## Exercise brief:
Set down all of the entries below word for word, with the pictures left out.

Records from a data collection

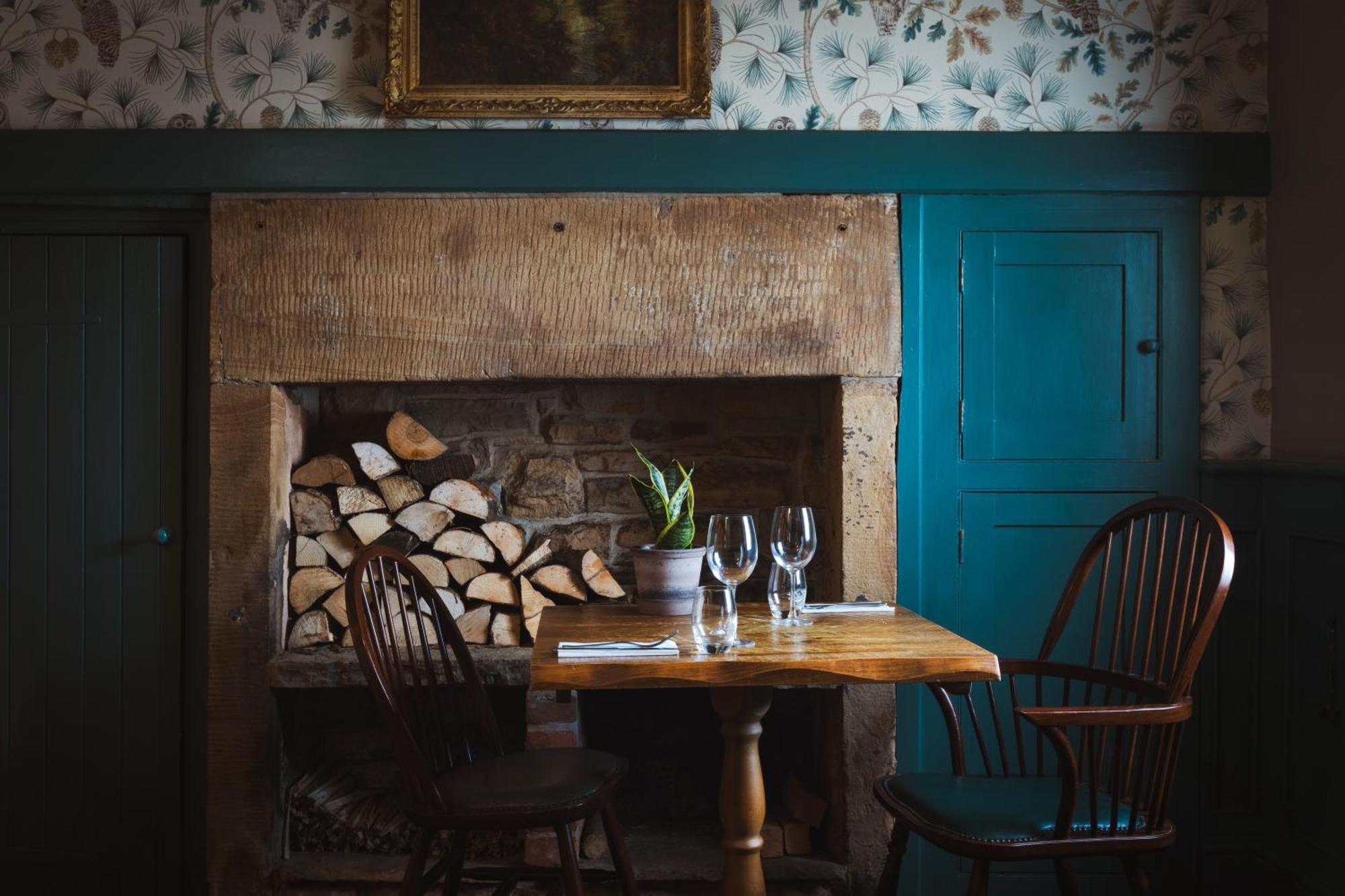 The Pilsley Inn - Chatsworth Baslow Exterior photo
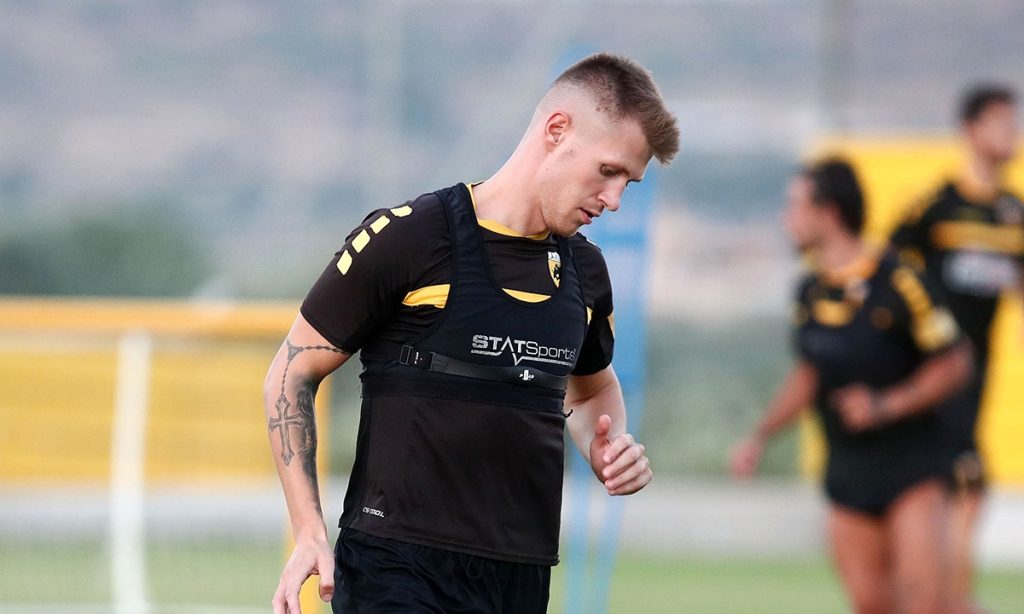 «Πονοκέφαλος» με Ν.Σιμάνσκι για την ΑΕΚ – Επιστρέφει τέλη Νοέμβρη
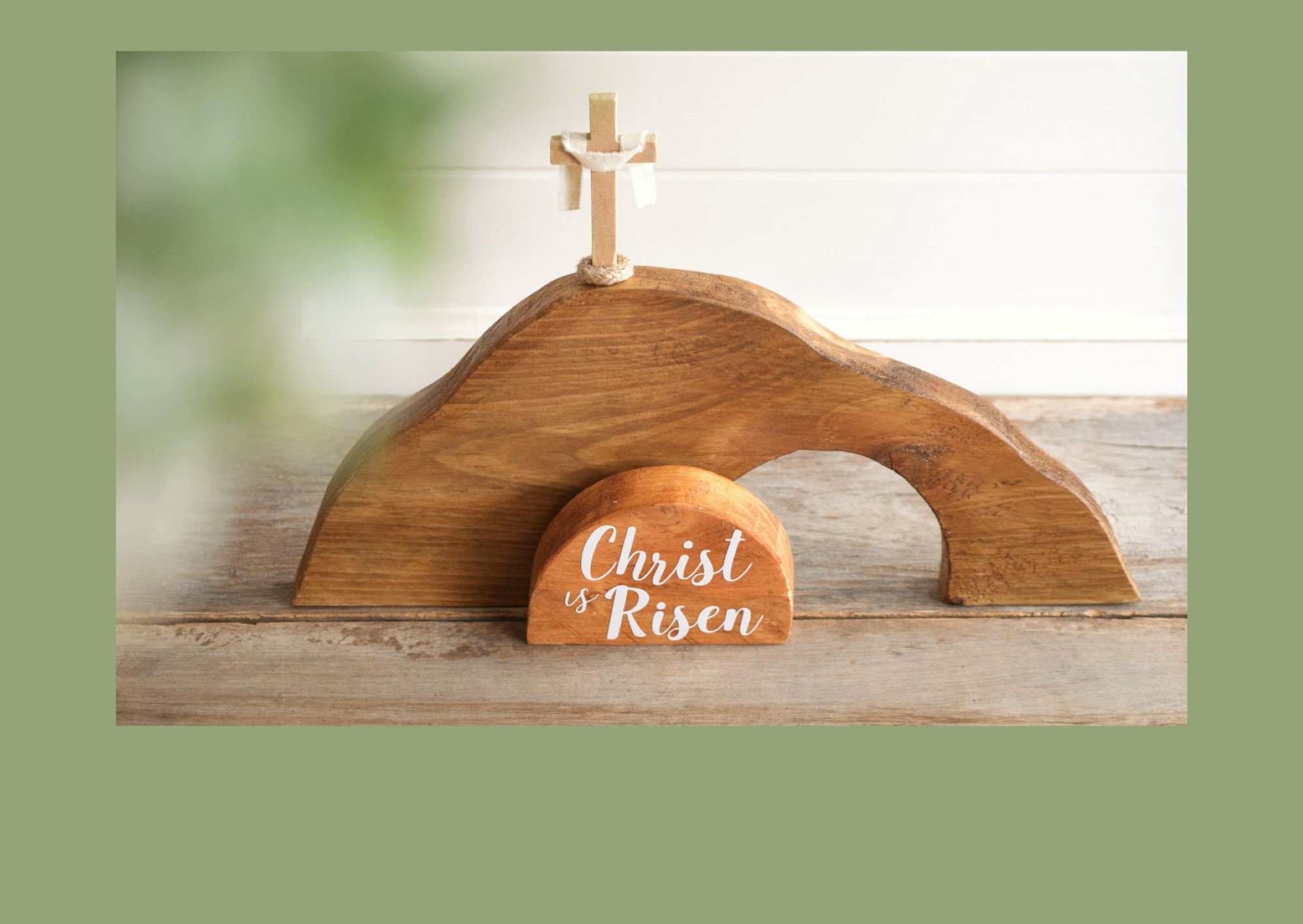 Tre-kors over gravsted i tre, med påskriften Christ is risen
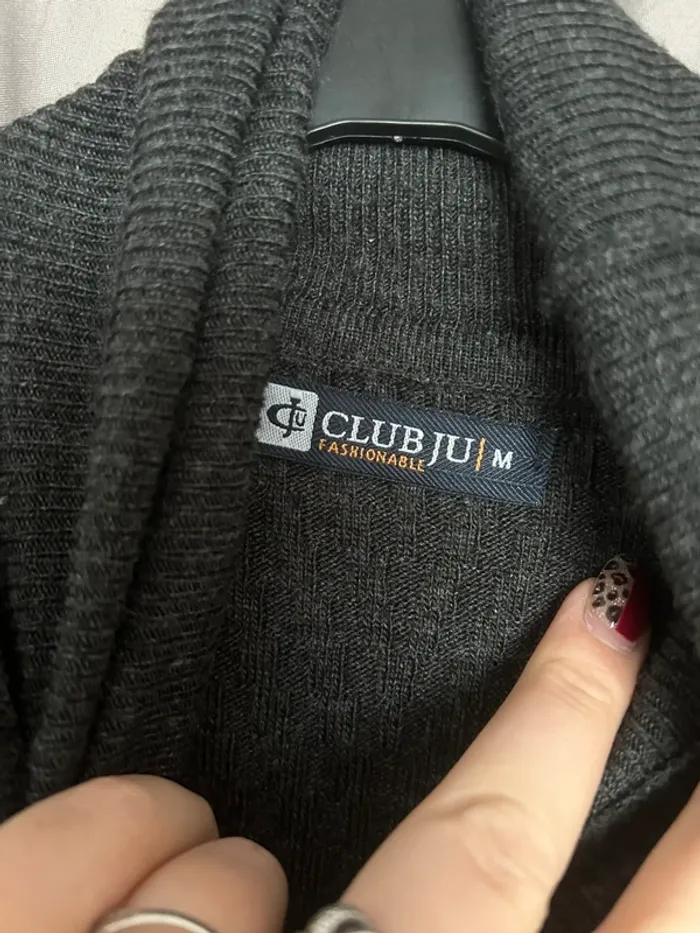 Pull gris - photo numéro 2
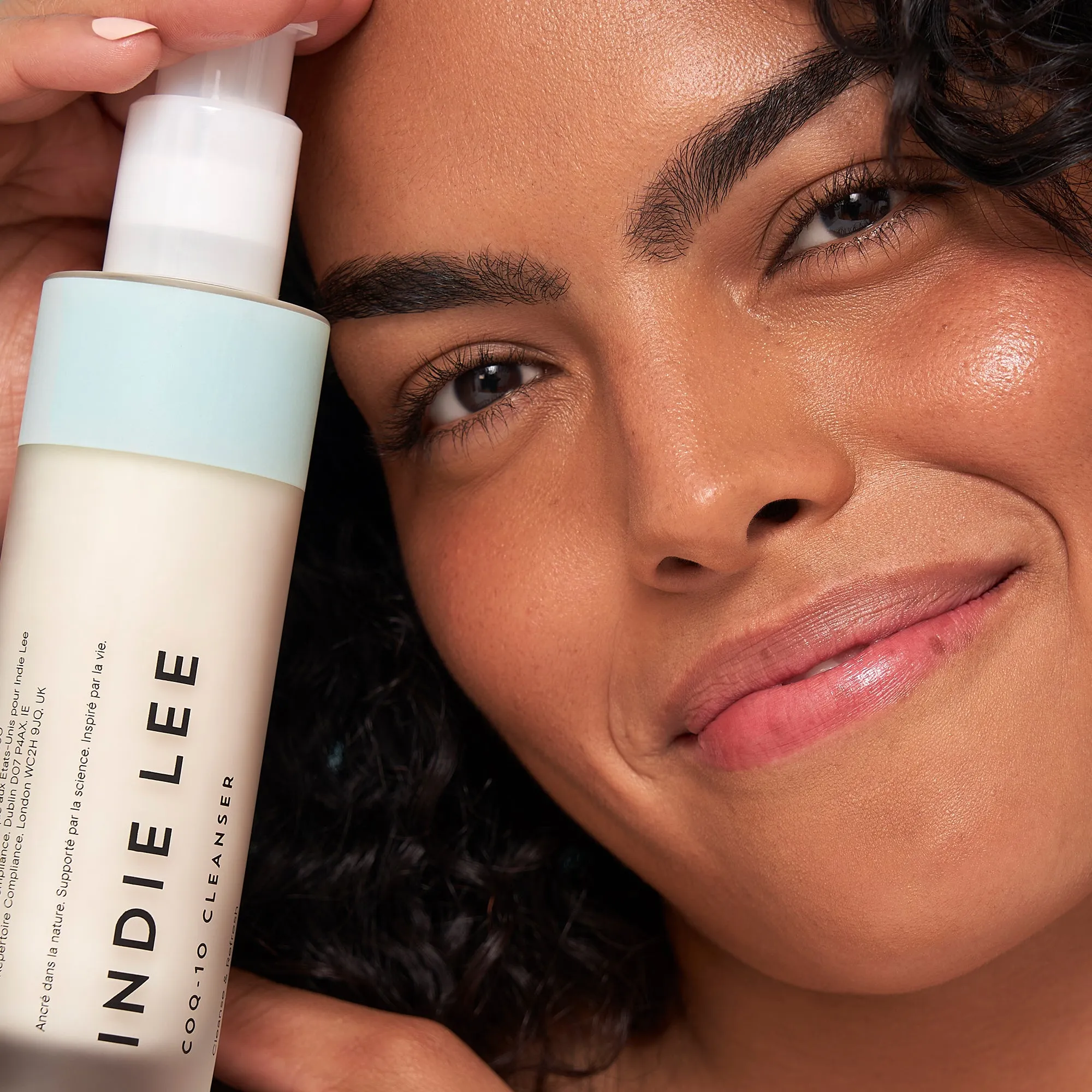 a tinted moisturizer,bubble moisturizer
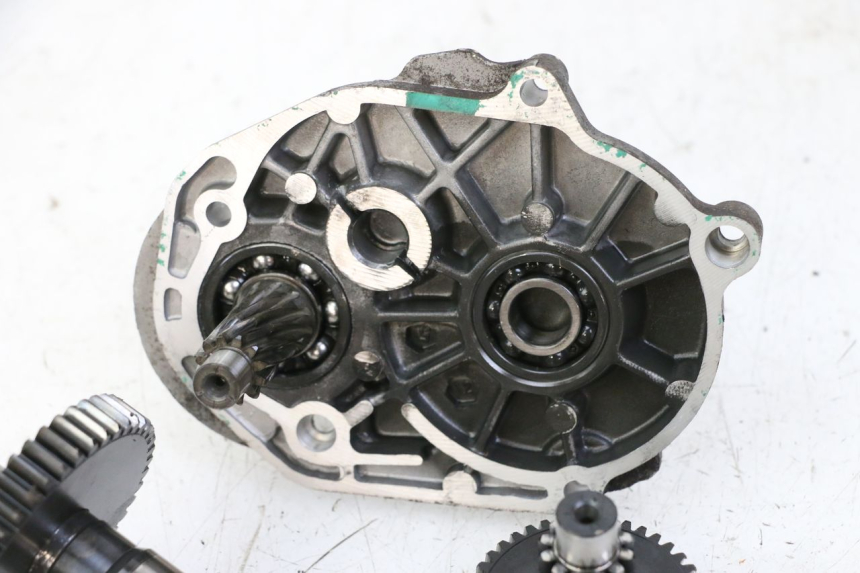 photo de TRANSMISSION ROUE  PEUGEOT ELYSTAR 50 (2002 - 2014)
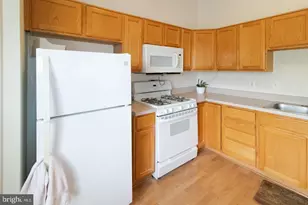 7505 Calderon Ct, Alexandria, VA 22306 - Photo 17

## Answer for the task:
 The Pilsley Inn - Chatsworth Baslow Exterior photo
 «Πονοκέφαλος» με Ν.Σιμάνσκι για την ΑΕΚ – Επιστρέφει τέλη Νοέμβρη
 Tre-kors over gravsted i tre, med påskriften Christ is risen
 Pull gris - photo numéro 2
 a tinted moisturizer,bubble moisturizer
 photo de TRANSMISSION ROUE  PEUGEOT ELYSTAR 50 (2002 - 2014)
 7505 Calderon Ct, Alexandria, VA 22306 - Photo 17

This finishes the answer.